The consistency should be thicker than a soup but not too dry. Add the golpar, cinnamon, salt and pepper to taste. Serve warm or cold. Enjoy!

*Can be found at Iranian supermarkets and specialty stores.

Persian Inspired Israeli Couscous Salad

Also known as my “Peace in the Middle East Salad” or my “Make Love Not War Salad”. When Israel and Iran work together, beautiful things can happen. If only politics could be this easy!  In my modern interpretation of a traditional Shirazi Salad, toasty Israeli couscous meets fresh cucumber, tomatoes, red onions, mint and lime. The result is a delicious, refreshing and hearty middle eastern salad.

I have recently become obsessed with Israeli couscous.
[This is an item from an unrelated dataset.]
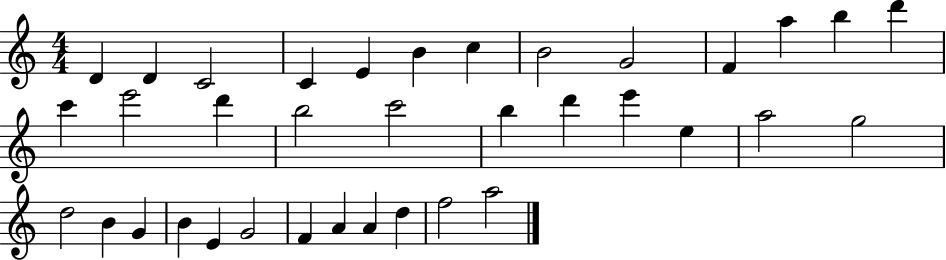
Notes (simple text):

D4/q D4/q C4/h C4/q E4/q B4/q C5/q B4/h G4/h F4/q A5/q B5/q D6/q C6/q E6/h D6/q B5/h C6/h B5/q D6/q E6/q E5/q A5/h G5/h D5/h B4/q G4/q B4/q E4/q G4/h F4/q A4/q A4/q D5/q F5/h A5/h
It is so versatile and is delicious in warm pilafs and cold salads and is a good substitute for rice, pasta or quinoa. Israeli couscous, also known as Ptitim, is a toasted wheat “pasta” that is shaped into little pearls. It is a very popular dish among children in Israel and is available in whole wheat and spelt for the health conscious. I like preparing it for my daughter with some butter, parmesan and lemon.

This salad is one of my favourite ways to serve Israeli couscous. It is a delicious accompaniment to a variety of grilled meat and fish dishes. I especially love it with Jujeh Kabab!
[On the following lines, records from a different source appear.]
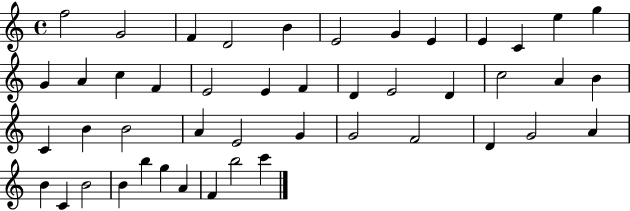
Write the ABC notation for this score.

X:1
T:Untitled
M:4/4
L:1/4
K:C
f2 G2 F D2 B E2 G E E C e g G A c F E2 E F D E2 D c2 A B C B B2 A E2 G G2 F2 D G2 A B C B2 B b g A F b2 c' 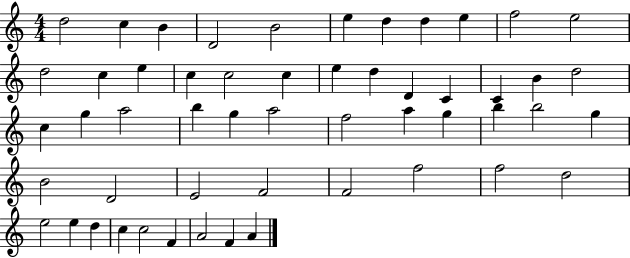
D5/h C5/q B4/q D4/h B4/h E5/q D5/q D5/q E5/q F5/h E5/h D5/h C5/q E5/q C5/q C5/h C5/q E5/q D5/q D4/q C4/q C4/q B4/q D5/h C5/q G5/q A5/h B5/q G5/q A5/h F5/h A5/q G5/q B5/q B5/h G5/q B4/h D4/h E4/h F4/h F4/h F5/h F5/h D5/h E5/h E5/q D5/q C5/q C5/h F4/q A4/h F4/q A4/q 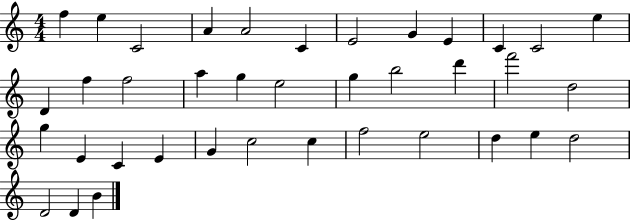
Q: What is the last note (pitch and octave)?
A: B4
Persian Inspired Israeli Couscous Salad
(Serves 4-6)

1 1/2 cups Israeli couscous
2 cups water
1/4 cup + 1 tbsp extra virgin olive oil
2 medium tomatoes, diced (1/2 inch pieces)
1 cup diced seedless cucumber (1/2 inch pieces)
1/2 medium red onion, finely chopped
3/4 cup chopped fresh mint
1/4 cup fresh squeezed lime juice (about 2 limes)
1 tsp  salt
1/2 tsp pepper

In a small pot, heat one tablespoon olive oil over medium-high heat. Add the couscous and toast for 5 minutes. Add the water and bring to a boil. Turn down to a simmer, cover and cook for 12 minutes (water should be evaporated and the couscous tender).

Put into a large bowl and add 1/8 cup olive oil. Let cool. When it is cool, fluff the couscous up with a spoon. Sometimes the pearls stick together you might need to spend a few minutes separating them with the back of a wooden spoon.

Add the tomatoes, cucumber, red onion, mint, lime juice, salt, pepper and remainder of the olive oil. Stir to combine.

Refrigerate for at least 30 minutes to allow the flavours to blend. Taste and season with more salt, pepper and lime juice if necessary. Enjoy!